The speaker also reiterated his plan to push for two state Supreme Courts, one for civil justice and one for criminal matters, as well as other judicial reform proposals.
“We will address the modernization of our courts system. Despite what you might have read in the newspaper, I believe strongly in our judiciary,” said Cannon. “Our courts are the guardians of our basic rights and essential liberties. But, when any branch of government acts to deprive a person of their life, their liberty or their property, those government actions should be subjected to the strictest of scrutiny, and handled with the great care.
“By creating a Supreme Court of Criminal Appeals and a Supreme Court of Civil Appeals, we can expand the capacity of the existing court and provide specialization that will result in greater scrutiny and better justice in criminal cases, especially death penalty cases,” added Cannon. “An important part of court reform will also be ensuring our state’s judges have the financial resources they will need to perform their duties.
Cannon continued to insist that the court had overstepped its bounds. The speaker has been very critical of the state Supreme Court striking down a number of proposed constitutional amendments passed by the Legislature.
“I believe very strongly in the independence of the judiciary, and I won’t support any proposals that undermine our courts. However, judicial independence should never be offered as an excuse to escape accountability, or the limits of our constitution,” continued Cannon. “Because we are a constitutional republic, each branch of government has its role to play. Each branch of government has its privileges and its rights. And each branch of government has its limits.”
Cannon closed by expressing optimism about the state’s future but warning the House members that the session would prove challenging.
“Standing before you today, I am filled with optimism and hope that the light of opportunity and the blessing of Providence will continue to shine on Florida’s future,” said Cannon. “The next 60 days will be among the most challenging any of us have faced. How we respond to those challenges will determine and define the shape of things to come in our great state.
“This session, in this House, we have an opportunity to defy expectations,” Cannon closed. “We can refuse to follow our national leaders over the edge and into the abyss. We can prove to the people of Florida that we have the wisdom to know what is right and the courage to do what is right.
Cannon praised former Gov. Jeb Bush and current Gov. Rick Scott in his remarks.

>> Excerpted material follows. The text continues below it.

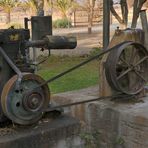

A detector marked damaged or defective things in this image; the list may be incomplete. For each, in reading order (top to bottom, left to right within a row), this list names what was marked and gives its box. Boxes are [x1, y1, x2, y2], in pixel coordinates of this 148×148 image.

rusty metal surface [0, 73, 50, 125]
rusty metal surface [0, 115, 80, 148]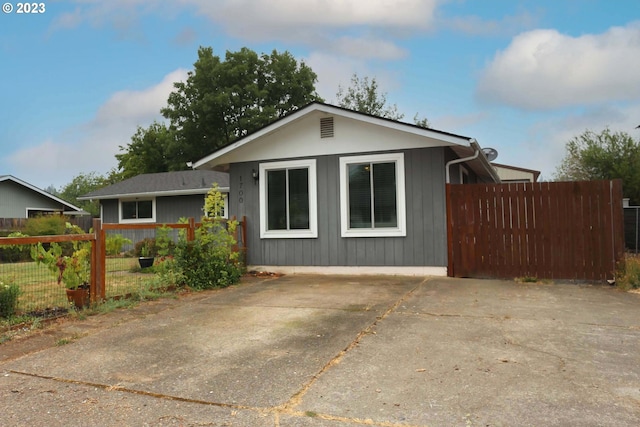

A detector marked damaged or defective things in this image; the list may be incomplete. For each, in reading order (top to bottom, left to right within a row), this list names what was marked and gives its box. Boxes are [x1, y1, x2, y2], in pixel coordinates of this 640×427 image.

cracked concrete pavement [1, 276, 640, 426]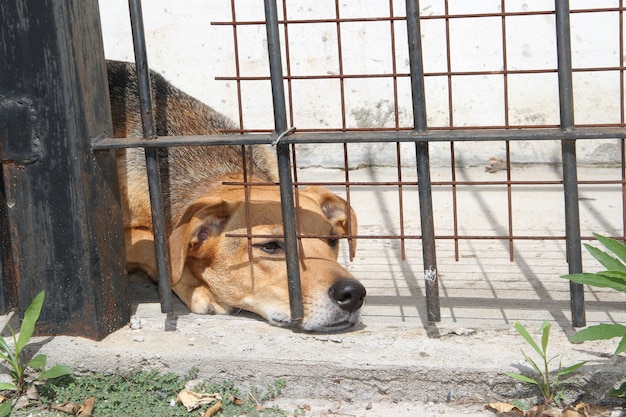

“During my first two years in the House, I had the privilege to serve with a Republican governor who led this state as a principled conservative; who believed in transformational reform, and who believed that standing up for what is right mattered more than being popular,” said Cannon. “And now, as I begin my final two years in the House, I am privileged to again serve with a Republican governor who leads this state as a principled conservative, and who believes that standing up for what is right matters more than being popular.”
Cannon took a shot at former Gov. Charlie Crist, saying he was trying to forget the four years between Bush and Scott -- when Crist presided in Tallahassee.
The Florida House also inaugurated its newest member in its opening moments of the new session.
Rep. Barbara Watson, D-Miami Gardens, won a special election last month to represent parts of Broward and Miami-Dade counties. She replaces Oscar Braynon who vacated the seat to run successfully for the Senate. Watson, who was introduced by Rep. Janet Cruz, D-Tampa, offered some brief words of thanks before taking her seat and joining the House.
“I am proud to serve my community in this continued effort to have their voices heard and to address their needs,” said Watson.